I'm in the process of hiring a designer for t-shirts. Do you think it's good practice to send a written physical copy of the contract for the freelancer to sign, or is the Upwork contract enough?


 Any contract is worth your physical, practical and financial ability to enforce. In other words: In almost all cases the paper it is (or is not) written on.

 

Ultimately the Upwork contract is enough, but if things go sideways, no contract really "protects" you in any meaningful way.


When you choose a freelancer, do your due diligence.

 

The right freelancer is the one who'd not do wrong by you even without any contract in place.

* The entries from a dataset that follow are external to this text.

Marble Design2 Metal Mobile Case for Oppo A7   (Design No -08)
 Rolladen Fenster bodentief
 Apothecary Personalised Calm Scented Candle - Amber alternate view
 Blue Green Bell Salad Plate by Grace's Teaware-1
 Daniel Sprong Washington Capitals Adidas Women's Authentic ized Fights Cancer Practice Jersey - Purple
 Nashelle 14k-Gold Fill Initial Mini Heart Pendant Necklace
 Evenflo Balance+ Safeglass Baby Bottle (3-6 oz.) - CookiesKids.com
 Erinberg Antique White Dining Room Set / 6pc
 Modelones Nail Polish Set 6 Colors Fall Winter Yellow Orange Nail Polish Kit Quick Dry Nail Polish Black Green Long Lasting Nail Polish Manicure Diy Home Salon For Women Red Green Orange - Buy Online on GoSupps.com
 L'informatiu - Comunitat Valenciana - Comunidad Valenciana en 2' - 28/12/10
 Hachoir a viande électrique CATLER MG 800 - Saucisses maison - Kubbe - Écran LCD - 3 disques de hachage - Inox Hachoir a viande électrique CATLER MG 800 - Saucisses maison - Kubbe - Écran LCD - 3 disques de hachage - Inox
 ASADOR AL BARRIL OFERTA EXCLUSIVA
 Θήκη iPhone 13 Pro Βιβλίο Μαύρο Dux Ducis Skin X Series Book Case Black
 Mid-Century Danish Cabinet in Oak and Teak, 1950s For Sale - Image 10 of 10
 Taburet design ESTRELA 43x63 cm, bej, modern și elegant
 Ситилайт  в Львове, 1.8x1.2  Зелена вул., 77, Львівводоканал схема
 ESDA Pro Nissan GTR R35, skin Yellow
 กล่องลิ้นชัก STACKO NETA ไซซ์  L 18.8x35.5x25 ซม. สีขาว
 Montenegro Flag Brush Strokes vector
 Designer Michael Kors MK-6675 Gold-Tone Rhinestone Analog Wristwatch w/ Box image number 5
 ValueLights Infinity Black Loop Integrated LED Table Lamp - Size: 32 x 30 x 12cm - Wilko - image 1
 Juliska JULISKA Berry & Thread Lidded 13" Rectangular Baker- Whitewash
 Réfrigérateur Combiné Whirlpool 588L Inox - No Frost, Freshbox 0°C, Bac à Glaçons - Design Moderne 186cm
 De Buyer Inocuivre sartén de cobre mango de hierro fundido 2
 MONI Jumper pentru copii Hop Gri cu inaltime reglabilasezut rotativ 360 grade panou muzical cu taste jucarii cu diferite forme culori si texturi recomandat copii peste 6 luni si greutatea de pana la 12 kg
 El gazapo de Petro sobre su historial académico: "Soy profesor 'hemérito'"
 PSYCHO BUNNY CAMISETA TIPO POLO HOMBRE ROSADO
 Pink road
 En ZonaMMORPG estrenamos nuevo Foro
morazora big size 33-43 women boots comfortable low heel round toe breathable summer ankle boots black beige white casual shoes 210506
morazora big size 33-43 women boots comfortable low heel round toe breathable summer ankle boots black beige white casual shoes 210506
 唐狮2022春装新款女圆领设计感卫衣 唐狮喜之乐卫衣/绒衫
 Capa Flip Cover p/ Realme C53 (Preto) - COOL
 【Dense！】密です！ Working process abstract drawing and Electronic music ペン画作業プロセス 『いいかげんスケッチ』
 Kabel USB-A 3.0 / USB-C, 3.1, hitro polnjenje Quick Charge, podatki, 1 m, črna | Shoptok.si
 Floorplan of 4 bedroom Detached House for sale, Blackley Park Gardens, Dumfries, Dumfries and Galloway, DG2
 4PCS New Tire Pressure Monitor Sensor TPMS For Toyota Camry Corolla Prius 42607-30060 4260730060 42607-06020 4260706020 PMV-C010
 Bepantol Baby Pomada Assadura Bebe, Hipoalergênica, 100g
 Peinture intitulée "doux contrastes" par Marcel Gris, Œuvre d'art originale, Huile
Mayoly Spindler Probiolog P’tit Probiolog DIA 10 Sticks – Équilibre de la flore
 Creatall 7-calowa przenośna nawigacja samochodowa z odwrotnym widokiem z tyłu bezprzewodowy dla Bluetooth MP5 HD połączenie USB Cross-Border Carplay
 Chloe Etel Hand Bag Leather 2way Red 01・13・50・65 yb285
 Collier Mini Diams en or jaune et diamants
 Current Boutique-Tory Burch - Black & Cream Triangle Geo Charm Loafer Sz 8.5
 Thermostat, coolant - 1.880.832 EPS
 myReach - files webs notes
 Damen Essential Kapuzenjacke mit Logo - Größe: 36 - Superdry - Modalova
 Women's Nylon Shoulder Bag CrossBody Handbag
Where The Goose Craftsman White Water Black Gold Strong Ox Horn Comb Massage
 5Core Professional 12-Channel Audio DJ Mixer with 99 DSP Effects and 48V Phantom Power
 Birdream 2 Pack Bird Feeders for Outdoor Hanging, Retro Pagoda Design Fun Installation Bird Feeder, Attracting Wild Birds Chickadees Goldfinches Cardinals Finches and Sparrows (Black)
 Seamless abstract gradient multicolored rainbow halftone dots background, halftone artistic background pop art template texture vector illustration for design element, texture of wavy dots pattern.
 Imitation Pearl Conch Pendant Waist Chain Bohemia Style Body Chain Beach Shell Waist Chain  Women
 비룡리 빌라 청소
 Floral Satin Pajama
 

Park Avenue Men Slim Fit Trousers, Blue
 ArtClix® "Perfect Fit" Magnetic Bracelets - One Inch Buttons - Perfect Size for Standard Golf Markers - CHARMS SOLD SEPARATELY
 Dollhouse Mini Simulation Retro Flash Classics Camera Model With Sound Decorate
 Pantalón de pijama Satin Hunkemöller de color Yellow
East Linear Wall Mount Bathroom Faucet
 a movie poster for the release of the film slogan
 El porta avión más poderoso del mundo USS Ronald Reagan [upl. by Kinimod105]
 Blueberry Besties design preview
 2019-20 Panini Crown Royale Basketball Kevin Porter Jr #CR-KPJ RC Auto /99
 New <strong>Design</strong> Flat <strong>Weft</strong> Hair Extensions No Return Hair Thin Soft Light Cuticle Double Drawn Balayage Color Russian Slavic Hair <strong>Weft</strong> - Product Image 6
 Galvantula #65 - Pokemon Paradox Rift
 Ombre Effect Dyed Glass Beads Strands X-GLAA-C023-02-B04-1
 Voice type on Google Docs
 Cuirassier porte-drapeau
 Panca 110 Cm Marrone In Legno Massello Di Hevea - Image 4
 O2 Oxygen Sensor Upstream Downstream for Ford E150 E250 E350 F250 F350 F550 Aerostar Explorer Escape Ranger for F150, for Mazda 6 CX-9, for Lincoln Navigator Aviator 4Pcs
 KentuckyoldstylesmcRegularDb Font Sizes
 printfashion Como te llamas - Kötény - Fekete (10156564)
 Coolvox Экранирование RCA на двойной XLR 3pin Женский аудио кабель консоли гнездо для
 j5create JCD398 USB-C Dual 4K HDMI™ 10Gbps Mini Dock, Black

The wrong one won't be prevented or deterred from messing you about, regardless of how many contracts they sign.

87effa82
Community Member

You are so right! Thank you!

resultsassoc
Community Member

An agreed detailed description of scope of work, standards, expectations, timeline, staffing and payment terms is never a bad idea. On another platform I'm required to upload a plan for client and acceptance before the contract is officially awarded. I use the plan as the proposal, and it's labeled Draft until it meets my client's needs and mine.

 

Petra is correct about a good fit.

The default Upwork contract is very, very good for clients.

 

All work done while logging time on an hourly contract automatically belongs to the paying client.

 

For most clients, if they are using an hourly contract and they regularly review the work being done by freelancers, they don't need a separate written contract.

 

A key to working on Upwork is to never "rely" on a contract.

 

If a freelancer is hired to do something, then a client or project manager needs to make sure that happens. Or stop working with the freelancer. A contract does not guarantee that something happens.